### AIM OF THE TASK
An exact copy of the listing is required, with its pictures removed.
Segment Start: DATASET CONTENT
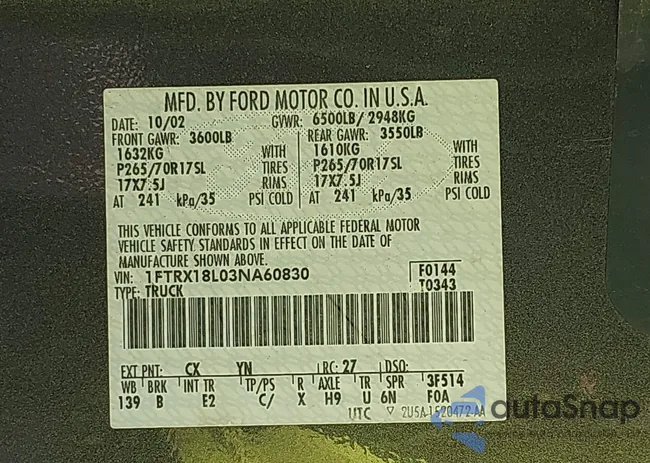 1FTRX18L03NA60830: 42474522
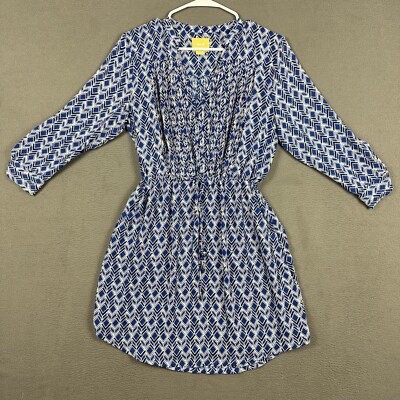 Anthropologie Maeve Galen Dress Blue White Geometric Tab Sleeve Womens Small EUC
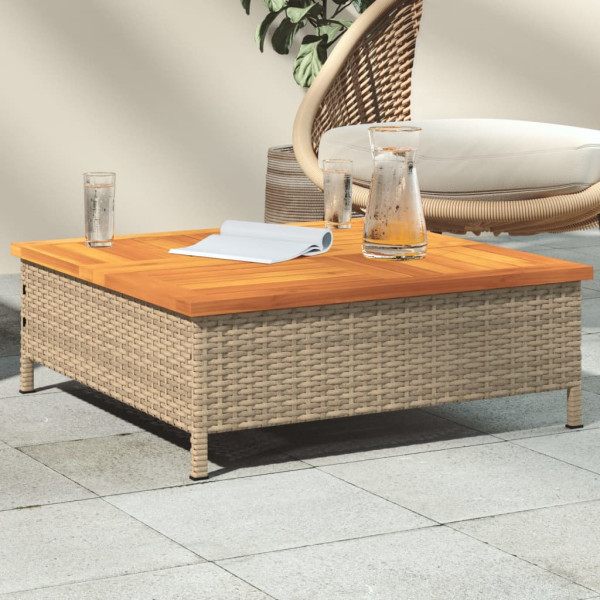 Mesa de jardim de ratan e madeira de acacia bege 70x70x25 cm D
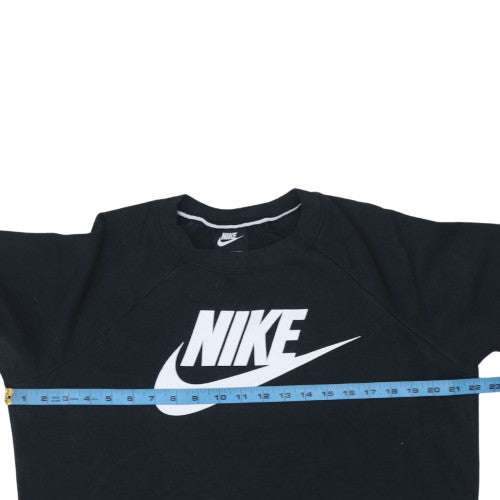 Nike Womens Black Medium Pullover Sweatshirt Crew Neck Logo Fleece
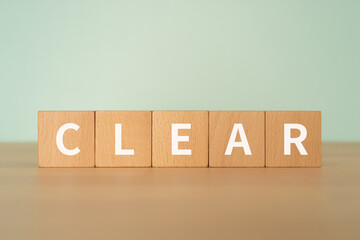 「CLEAR」と書かれたブロック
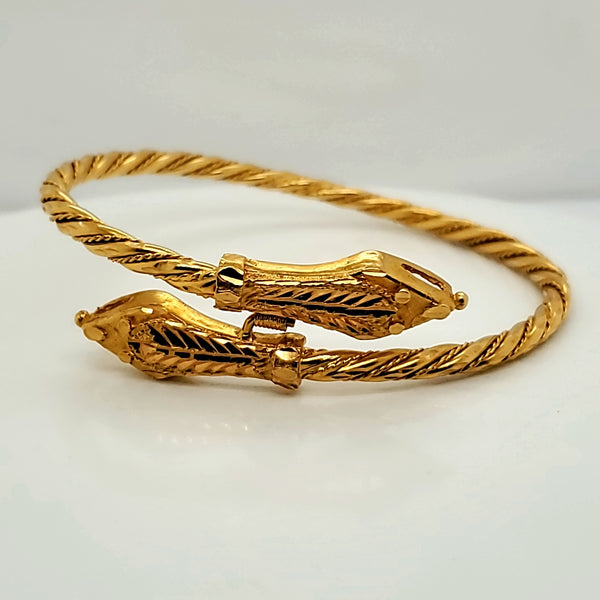 Vintage 21Kt Yellow Gold Double Headed Snake Bangle Bracelet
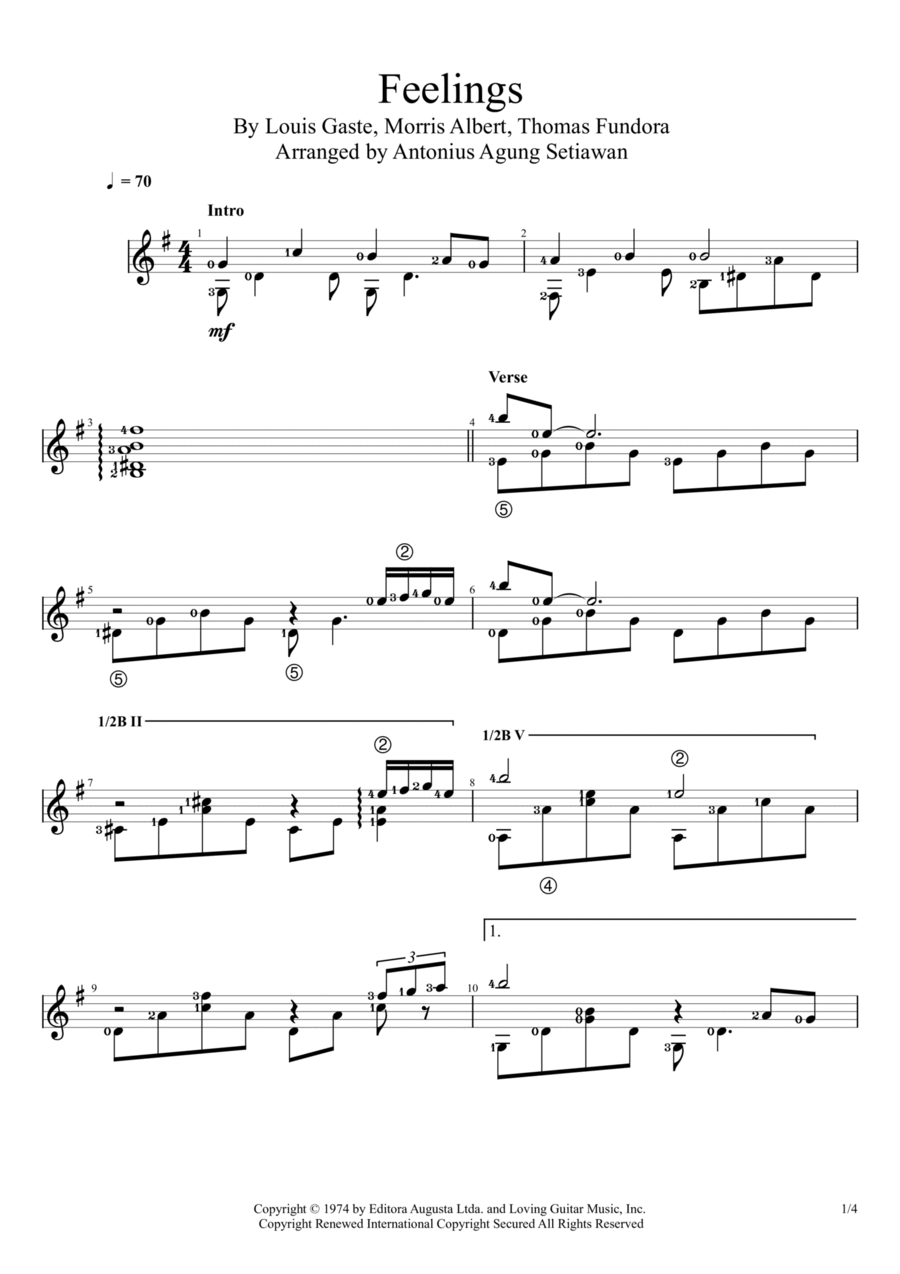 Feelings (?dime?) Electric Guitar scores gallery preview page 1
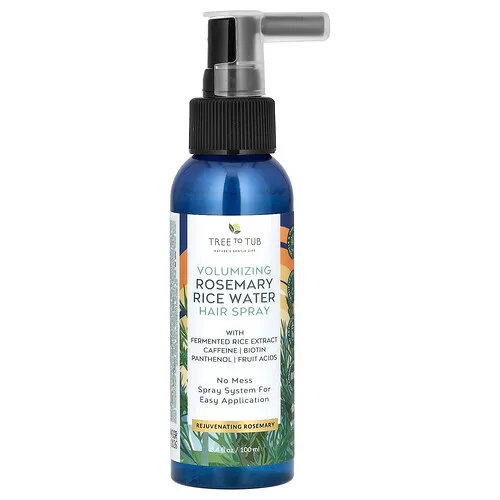 Tree To Tub, Spray voluminizador para el cabello con agua de arroz y romero, 100 ml (3,4 oz. líq.)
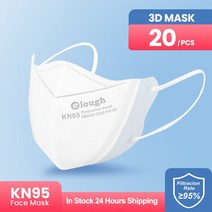 마스크 KN95 보호 3D FFP2 마스크 4 겹 성인 마스크 FPP2 인증 블랙 핑크 색상 KN 95, 04 20PCS KN95 White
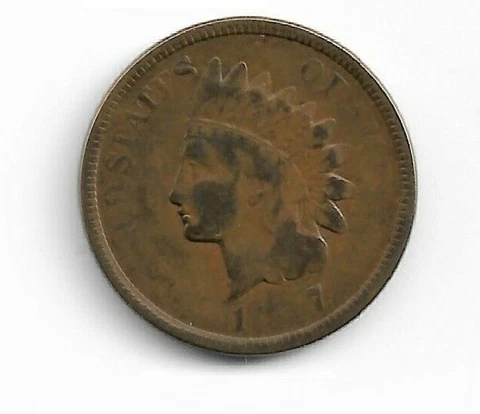1907 Indian Cent Error Lightly Struck Only 1 and 7 in Date Shows Cover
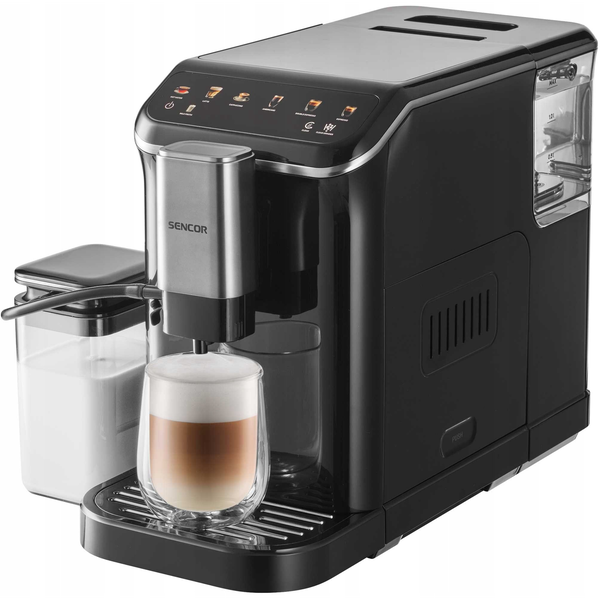 Automata kávéfőző, víztartály 1,5L, tejtartály 750ml Sencor SES 8100BK
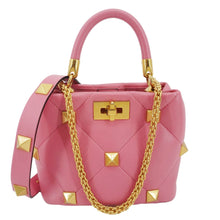 Load image into Gallery viewer, VALENTINO Roman Stud Small Nappa Leather Top Handle Crossbody Bag Flamingo Pink
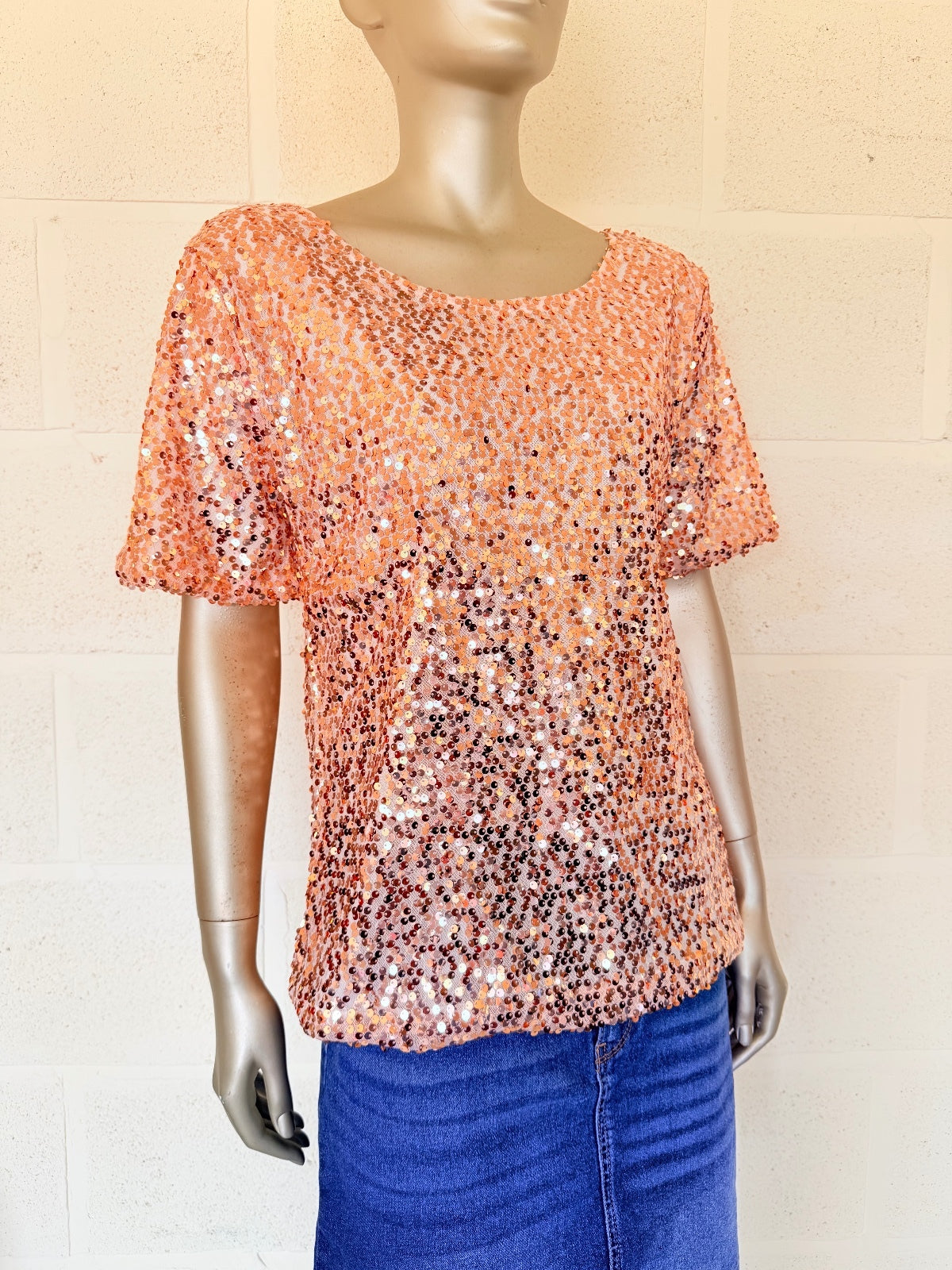 Gold Sequin Top Embellished Short Sleeve Party Festival T shirt Size 14 to 16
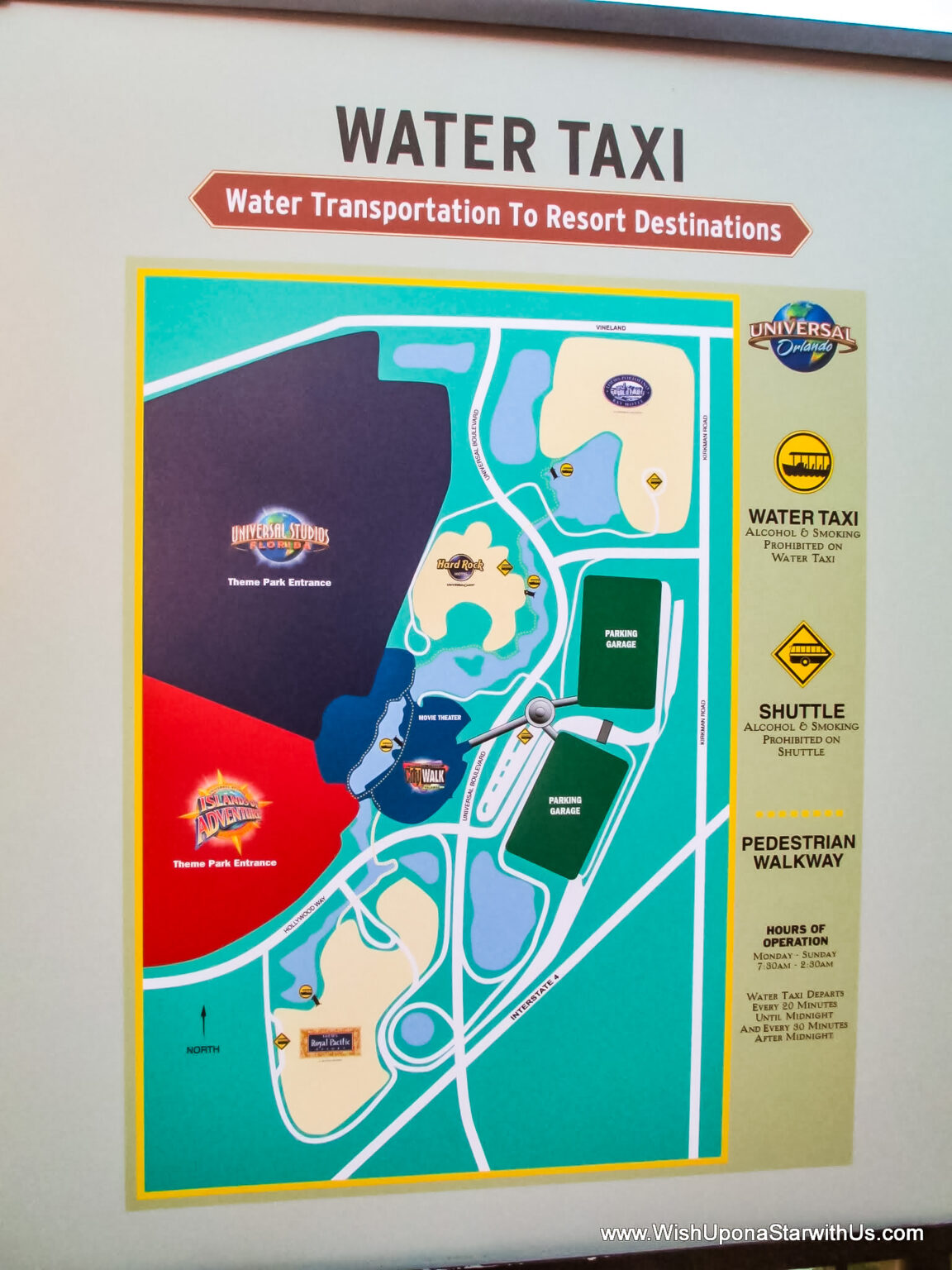 Water Taxi Map at Portofino Bay Hotel | Wish Upon a Star With Us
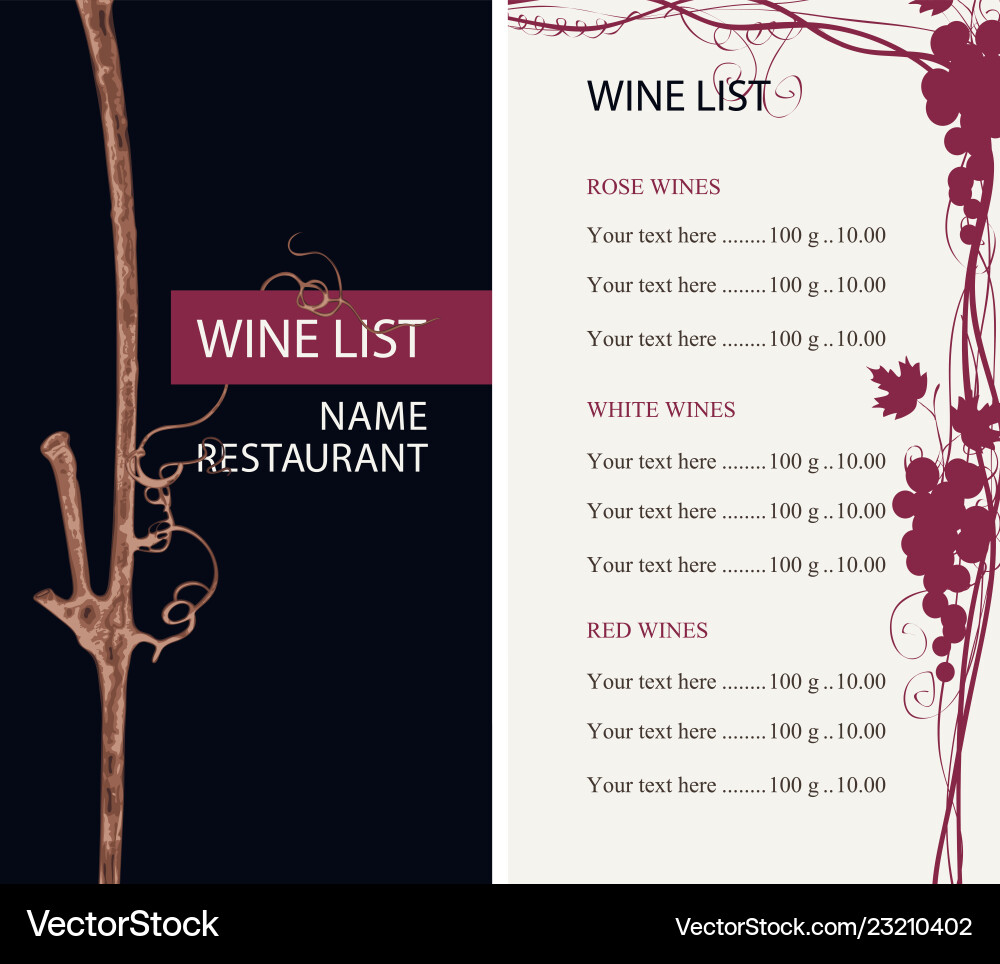 Wine list with a branch of grapes and price Wine list with a branch of grapes and price vector image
Segment End: DATASET CONTENT
### ANSWER AREA
 1FTRX18L03NA60830: 42474522
 Anthropologie Maeve Galen Dress Blue White Geometric Tab Sleeve Womens Small EUC
 Mesa de jardim de ratan e madeira de acacia bege 70x70x25 cm D
 Nike Womens Black Medium Pullover Sweatshirt Crew Neck Logo Fleece
 「CLEAR」と書かれたブロック
 Vintage 21Kt Yellow Gold Double Headed Snake Bangle Bracelet
 Feelings (?dime?) Electric Guitar scores gallery preview page 1
 Tree To Tub, Spray voluminizador para el cabello con agua de arroz y romero, 100 ml (3,4 oz. líq.)
 마스크 KN95 보호 3D FFP2 마스크 4 겹 성인 마스크 FPP2 인증 블랙 핑크 색상 KN 95, 04 20PCS KN95 White
1907 Indian Cent Error Lightly Struck Only 1 and 7 in Date Shows Cover
 Automata kávéfőző, víztartály 1,5L, tejtartály 750ml Sencor SES 8100BK
 Load image into Gallery viewer, VALENTINO Roman Stud Small Nappa Leather Top Handle Crossbody Bag Flamingo Pink
 Gold Sequin Top Embellished Short Sleeve Party Festival T shirt Size 14 to 16
 Water Taxi Map at Portofino Bay Hotel | Wish Upon a Star With Us
 Wine list with a branch of grapes and price Wine list with a branch of grapes and price vector image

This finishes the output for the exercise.